--- Extracted information ---

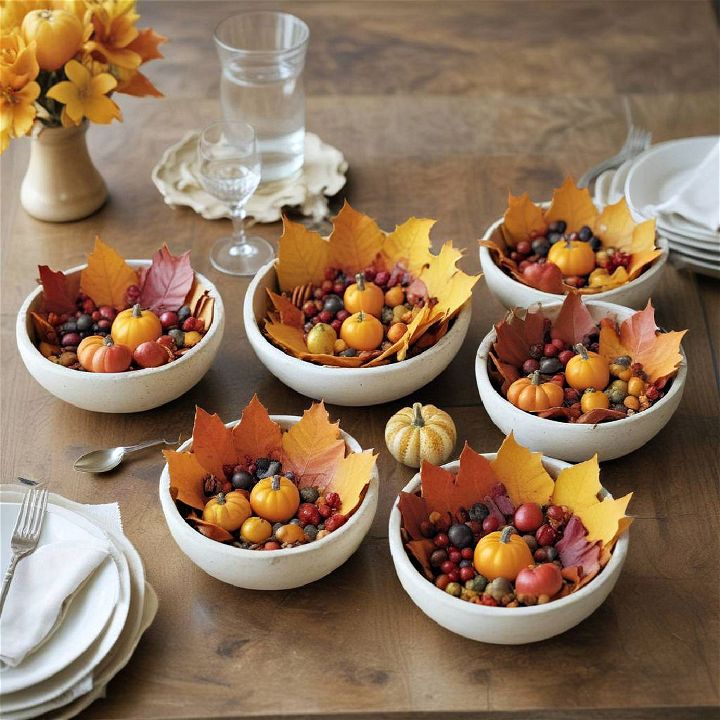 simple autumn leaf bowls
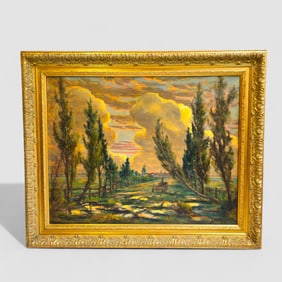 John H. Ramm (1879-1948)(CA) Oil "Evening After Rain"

---
--- Extracted information ---

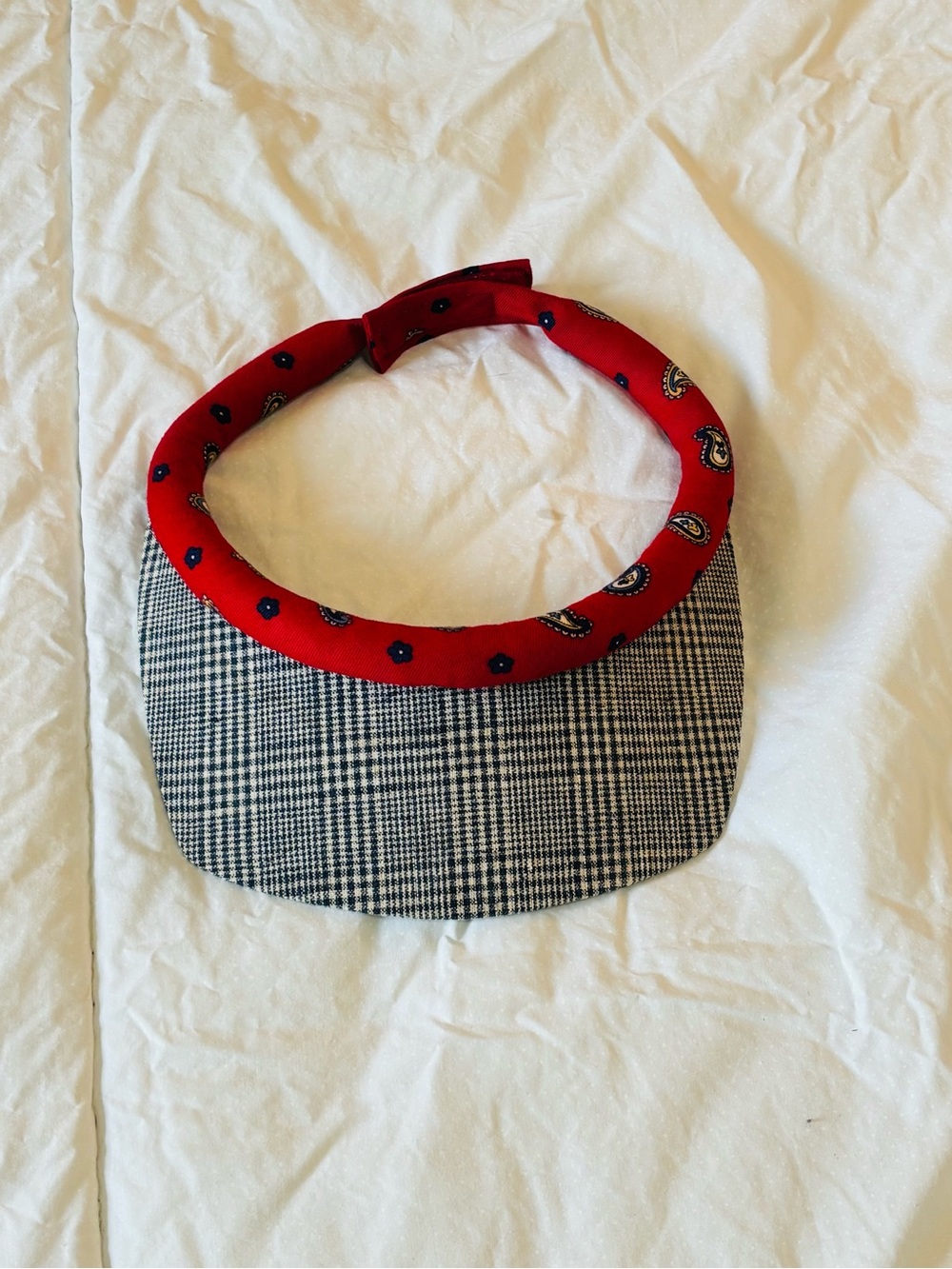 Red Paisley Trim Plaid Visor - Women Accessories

---

• _Problem requirements_
Everything above from the line with "simple autumn leaf bowls" through the line with "John H. Ramm" should be retyped exactly, and nothing else; omit pictures.

• _Result_
 simple autumn leaf bowls
 John H. Ramm (1879-1948)(CA) Oil "Evening After Rain"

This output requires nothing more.